| PROBLEM |
Nothing but the lines below from the one containing "Израильские военные во" through the one containing "New 2026 Mercedes-Benz" should appear in the answer, exact and without pictures.

AVAILABLE DATA Start Marker

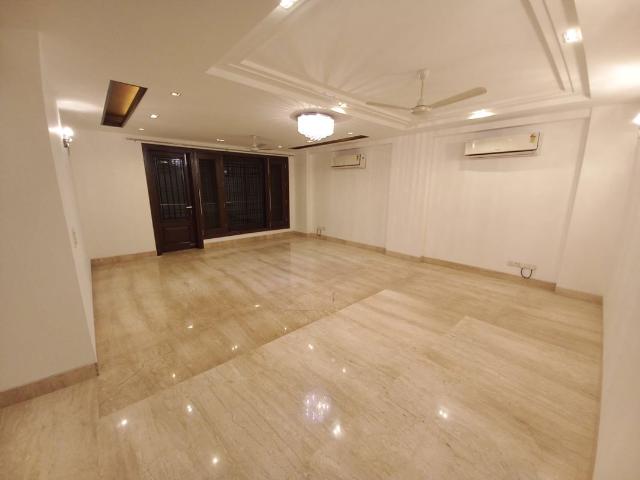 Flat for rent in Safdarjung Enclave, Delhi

AVAILABLE DATA End Marker
AVAILABLE DATA Start Marker

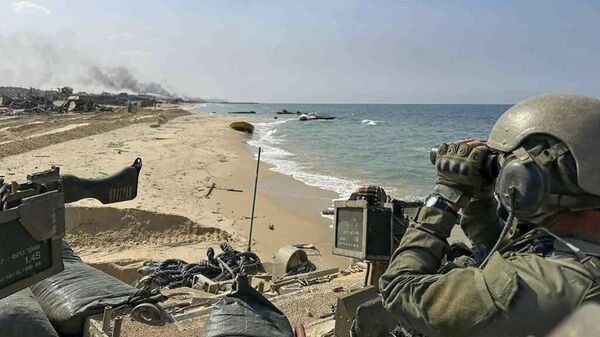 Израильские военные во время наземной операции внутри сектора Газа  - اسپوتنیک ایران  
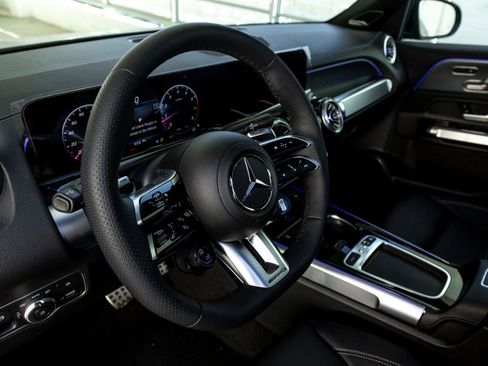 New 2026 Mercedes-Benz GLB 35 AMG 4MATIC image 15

AVAILABLE DATA End Marker
AVAILABLE DATA Start Marker

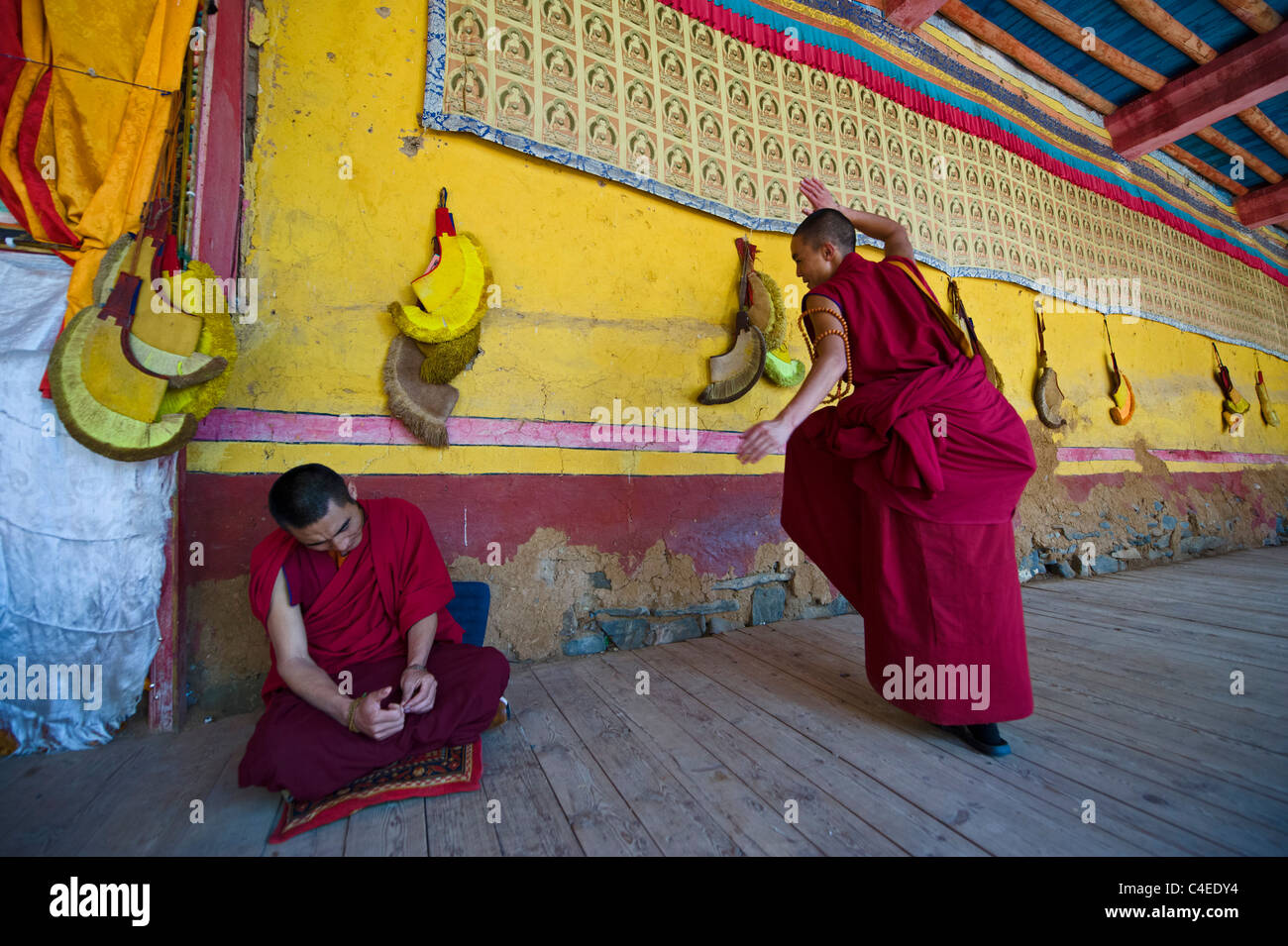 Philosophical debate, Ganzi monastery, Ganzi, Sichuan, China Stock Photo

AVAILABLE DATA End Marker

| ANSWER BOX |
 Израильские военные во время наземной операции внутри сектора Газа  - اسپوتنیک ایران  
 New 2026 Mercedes-Benz GLB 35 AMG 4MATIC image 15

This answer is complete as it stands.